Faut-il se laisser séduire par Camille Henrot? jeune, cultivée, déjà célébrée, une de nos nouvelles « stars » de l’art contemporain présélectionnée pour le Prix Marcel Duchamp 2010?

Les critiques récentes pour ses participations à l’exposition DYNASTY ou à l’espace culturel Louis  Vuitton sont le plus généralement élogieuses.

Pour l’exposition « Perspectives » (Vuitton), je ne peux pas contredire une séduction plastique évidente mais les ficelles des emprunts sont trop grosses: le discours « anthropologique critique » de l’artiste qui se juge elle-même pas spécialiste de la question ethnographique se limite très vite à une rhétorique combinatoire démonstrative: Emprunter au vocabulaire plastique d’œuvres issues des cultures traditionnelles (africaines, mélanaisiennes…) et les revisiter au travers  d’objets ou de références issus de notre culture occidentale contemporaine. Ces associations sont ensuite replongées dans un discours critiques empruntant à Levi Strauss ou aux mythes qui les valident dans le champ de l’art contemporain.

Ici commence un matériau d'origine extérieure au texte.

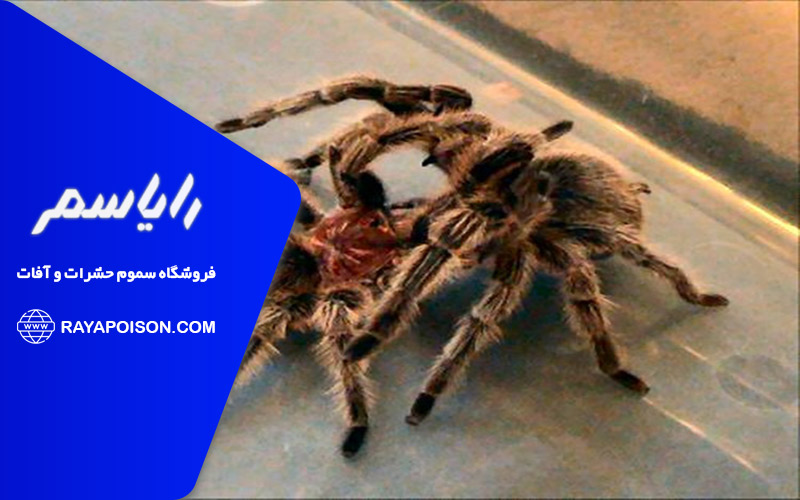 چگونه از حمله رتیل جلوگیری کنیم؟
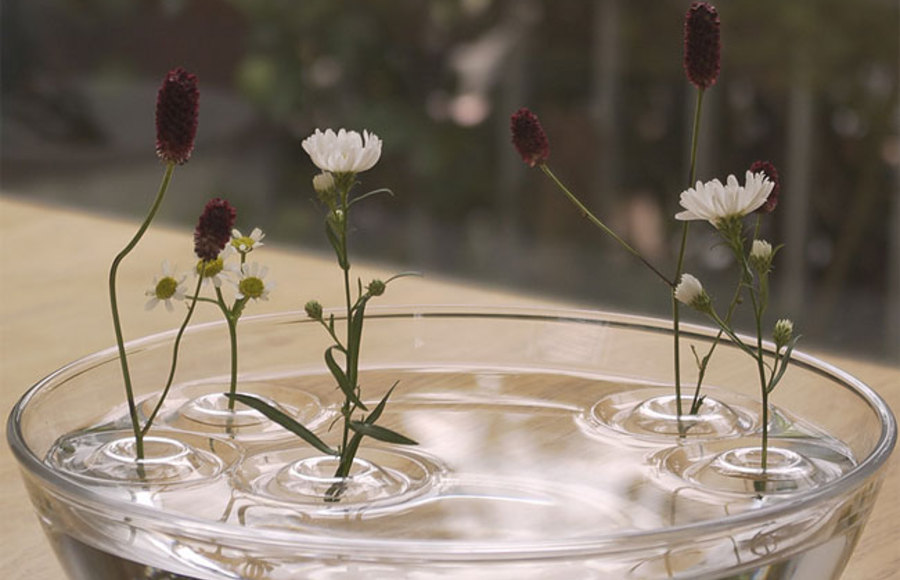 Delicate Floating Vases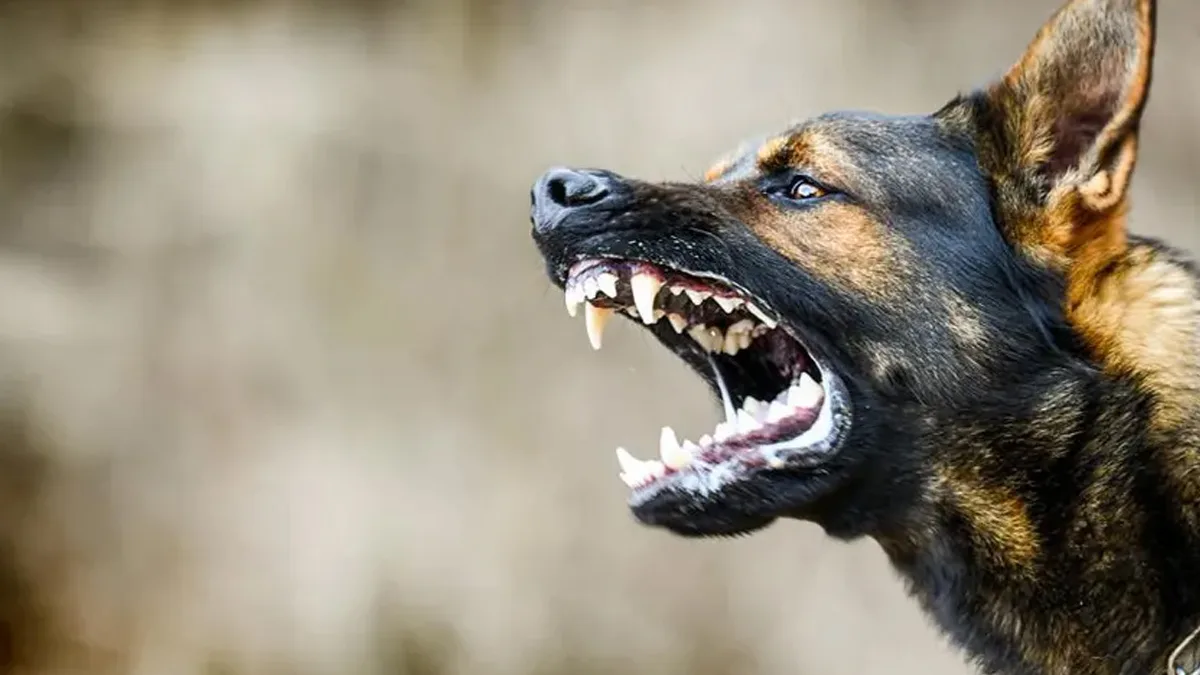 बिहार के सासाराम में पागल कुत्ते की वजह से भगदड़ जैसे हालात, डेढ़ घंटे के अंदर 50 लोगों को काटा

Ainsi d’une carte de navigation mélanésienne et d’un radiateur, d’un Boli Bamana et d’objets ménagers contemporains, d’une flêche fétière Mélanésienne et d’une aile d’avion, d’un motif de tapis de selle Navajo et de dessins d’architectures contemporaines ou modernes, de sculptures d’antilope Bamana et de durites usagés etc.

Les perspectives de Camille Henrot sont alléchantes mais fausses car trop empruntées au motif original, nous laissant un arrière goût de déjà-vu malgré le discours sensés « augmentés » le sens des œuvres, pour reprendre le titre d’une de ses œuvres « objets augmentés ».

Comme le rappel très à propos Lunettes rouges dans sa critique de l’exposition, tout ceci reste un peu sur l’estomac, un malaise déjà « diagnostiqué » par Julien Gracq dans « La littérature à l’estomac » et qu’il est bon de relire pour s’enlever la poudre des yeux.

Camille Henrot, « Le prix du danger » 2010 et Male Figure (Aripa), Papouasie Nouvelle Guinée. Metropolitan Museum, NY.

Camille Henrot, « Especes menacées », 2009-2010 et Cimier Bamana Antilope, Quai Branly. (Rmn)

Camille Henrot, « Objets augmentés », 2010 et Power Object (Boli), Mali, Metropolitan Museum, NY.